Analisando essa realidade, Caroline Santana, educadora da FASE Rio, defendeu a importância de políticas públicas que considerem as demandas das mulheres negras:
“A criação de políticas públicas deve incluir a luta contra a violência de gênero, a promoção de condições que permitam às mulheres equilibrar a maternidade e a vida profissional, a ampliação da representatividade feminina em posições de decisão, a garantia de ambientes que proporcionem segurança emocional e a melhoria do acesso à renda. Essas medidas são cruciais para promover a igualdade de gênero, fortalecer a autonomia feminina e garantir que todas as mulheres tenham as mesmas oportunidades de desenvolvimento pessoal e profissional.

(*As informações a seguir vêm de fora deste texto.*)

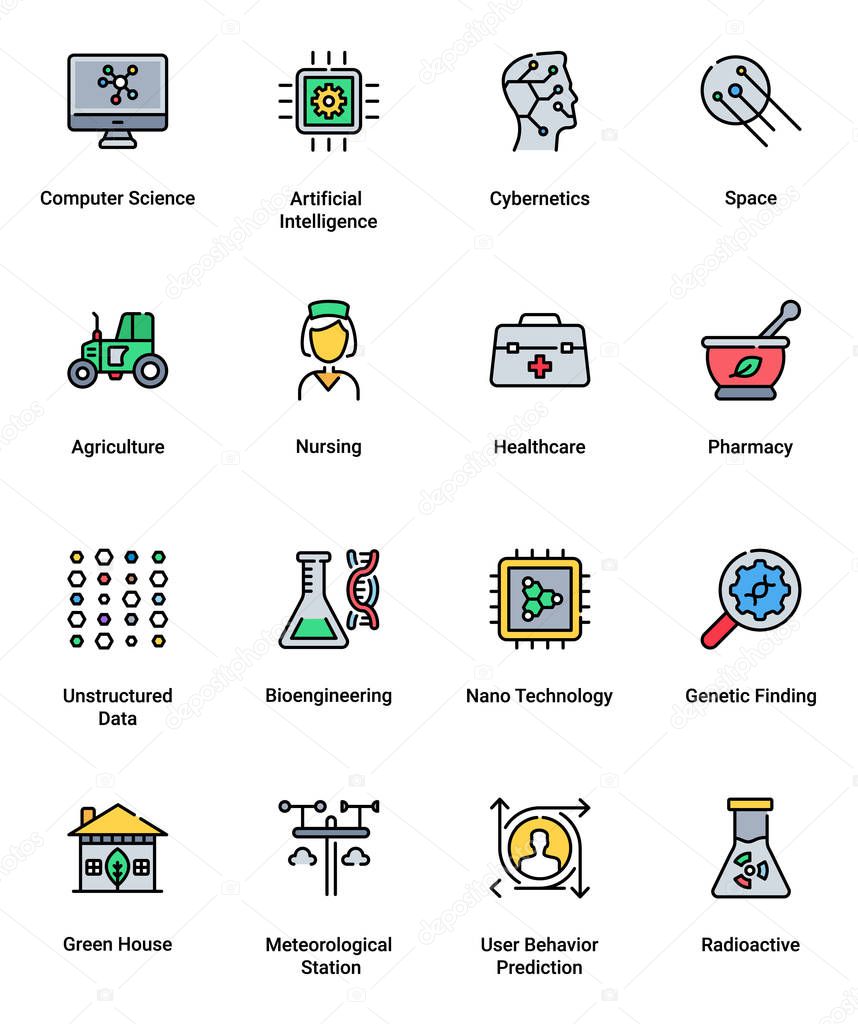 Simple Set of Science Related Vector Colored Line icons. easy to edit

Implementar tais políticas é um passo decisivo para criar uma sociedade mais justa e inclusiva, onde todas possam viver com dignidade e respeito”.
Apesar das estatísticas dramáticas, as duas educadoras reforçaram que a data é também um momento de celebração da história e da luta dessas mulheres.
“É importante destacar que a Marcha das Mulheres Negras, em 2015, lançou uma Carta contra o Racismo e pelo Bem Viver, onde constam reivindicações fundamentais que o Brasil deveria adotar como ações e políticas”, lembrou Rosimere.
“Além de denúncias, é uma data para reafirmar as conquistas e a luta das mulheres por justiça e igualdade, exaltar os exemplos de luta e organização das diversas mulheres que lutam por vida digna, plena, feliz, sem exploração e opressão nas periferias do Brasil”, concluiu Caroline Santana.
No Brasil, país fora do continente africano com o maior percentual de população negra, a data tem um peso e simbolismo ainda maior: há dez anos, celebramos o Dia Nacional de Tereza de Benguela e da Mulher Negra, instituído por meio da Lei 12.987/14, homenageando a líder quilombo de Quariterê. Localizado onde hoje é a fronteira do Mato Grosso com a Bolívia, o lugar abrigava mais de cem pessoas, entre negros e indígenas, e resistiu duas décadas sob a liderança de Tereza de Benguela.